Fire and Ice
Seven years in space are a very long time, if you’re a scientist in Houston, but not very much at all if you’re a comet. The two are colliding this afternoon, where NASA is talking about what the Stardust probe found from its rendezvous with a comet in 2004.
You’ll recall that Stardust, which passed less than 200 miles from comet Wild-2, gathered thousands of the grains that were streaming from it, sealed them in a return capsule, and landed them in the Utah desert in January. Scientists in a Houston lab have been looking at them.
The headline: "Remarkably, enough, we have found both fire and ice," says Donald Brownlee, the Principal Investigator for the project.
Here’s what he’s saying:
Wild-2, like most other comets, has spent most of its existence in the far reaches of the Solar System, in the cold reaches where the temperature is close to absolute zero.
Nevertheless, many the grains collected by the Stardust probe are made of compounds that could only formed under extremely high temperatures. Stuff like olivine and titanium nitrite–not household names, but they’re fairly common around the planets close to the Sun.
How could this be? Brownlee offers two theories:
1) The particles formed near the Sun as it was forming, when the Solar System was still a giant disk of dust and debris…and somehow, they were flung outward toward the outer edge of that disk. They’re something like 4.6 billion years old, and have spent most of their time out in the cold darkness of deep space. How did they get out there? The physicists are working on the possibilities.
2) The particles may actually have come from other stars.
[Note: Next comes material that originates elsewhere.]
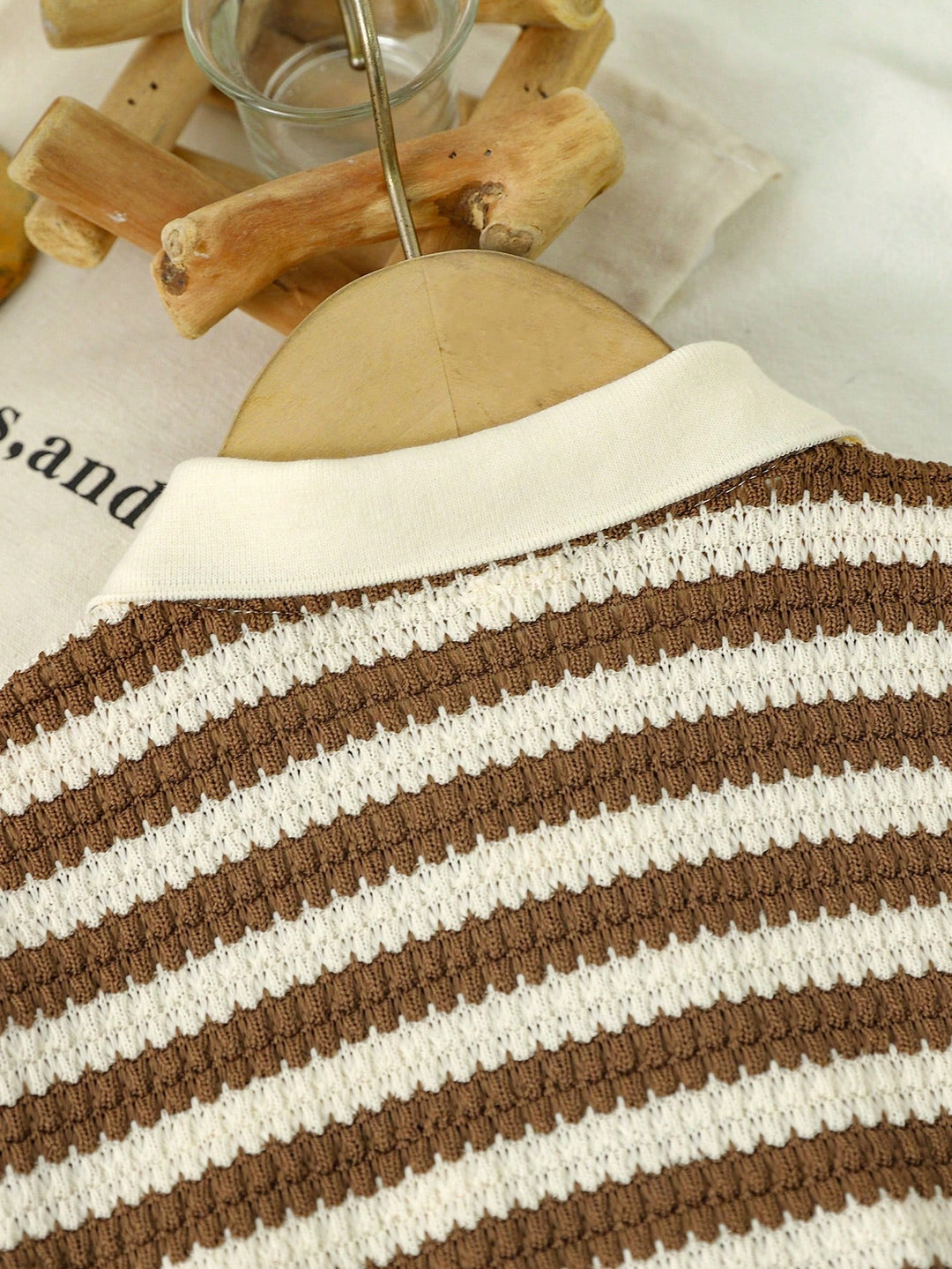 Tricou SHEIN, maro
They were flung out from those distant places (the nearest star is 4.3 light years away), and spent millions or billions of years flying through interstellar space.
If that’s so, the scientists were vindicated in their decision to call their ship "Stardust." It only traveled a few hundred million miles from Earth, but may have found real…star dust.
(Stardust home page: http://www.nasa.gov/mission_pages/stardust/main/index.html)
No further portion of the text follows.